- [Required work]: An exact repeat is needed of the lines from the one with "مراسم عزاداری شب تاسوعای حسینی (علیه‌السلام)" through the last line of the data below. Please omit the pictures.
Top of Input data
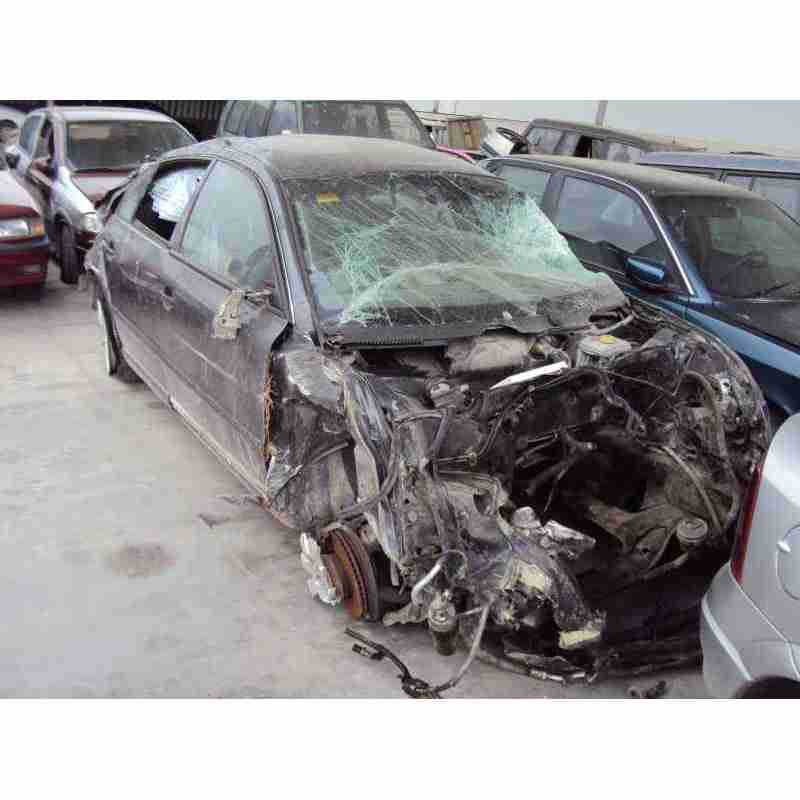 skoda superb (3u4) del año 2004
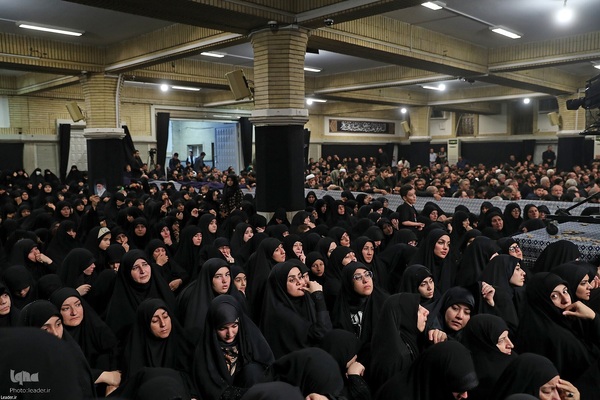 مراسم عزاداری شب تاسوعای حسینی (علیه‌السلام)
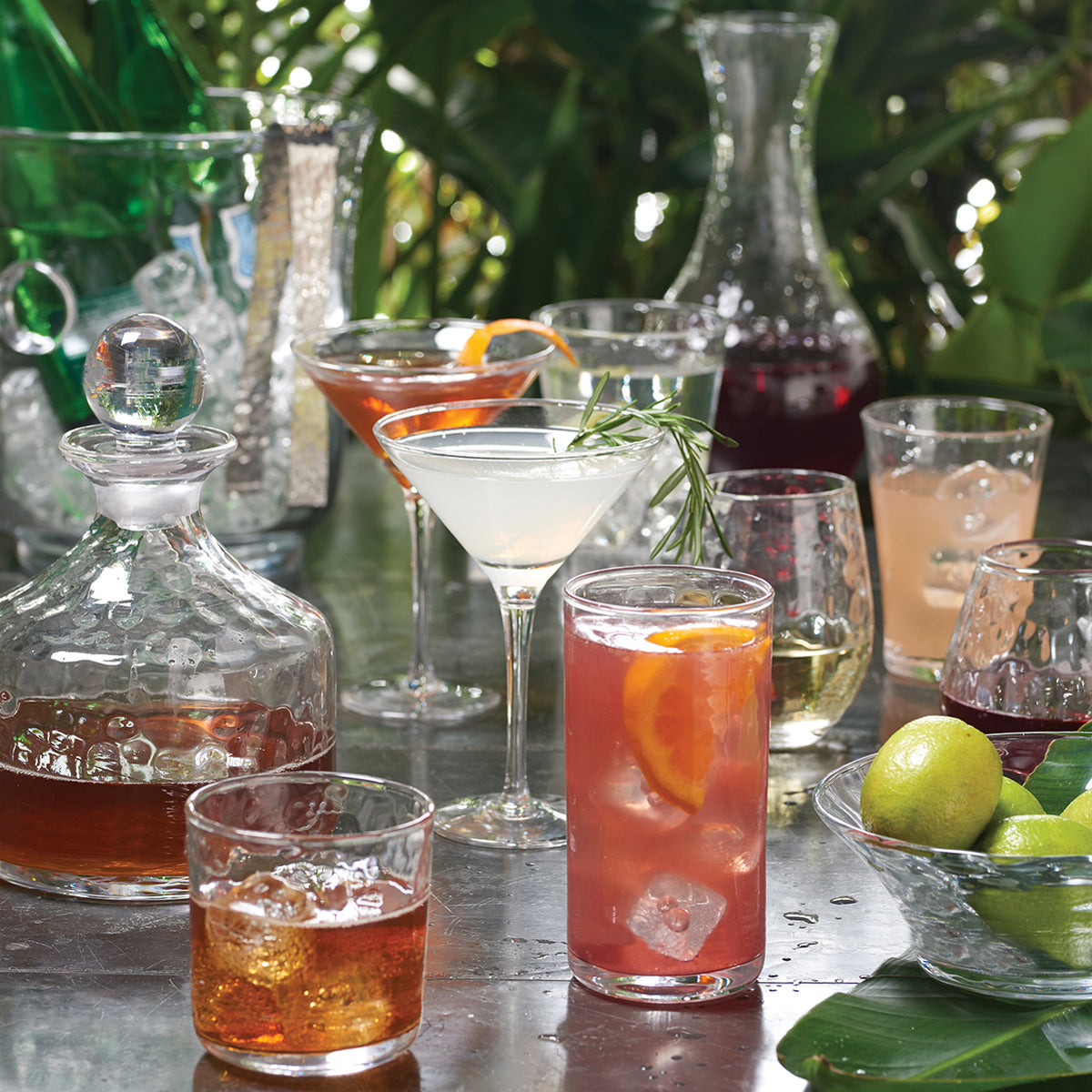 Juliska Puro Whiskey Decanter - Thumbnail 4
Bottom of Input data
- [Task output]:
 مراسم عزاداری شب تاسوعای حسینی (علیه‌السلام)
 Juliska Puro Whiskey Decanter - Thumbnail 4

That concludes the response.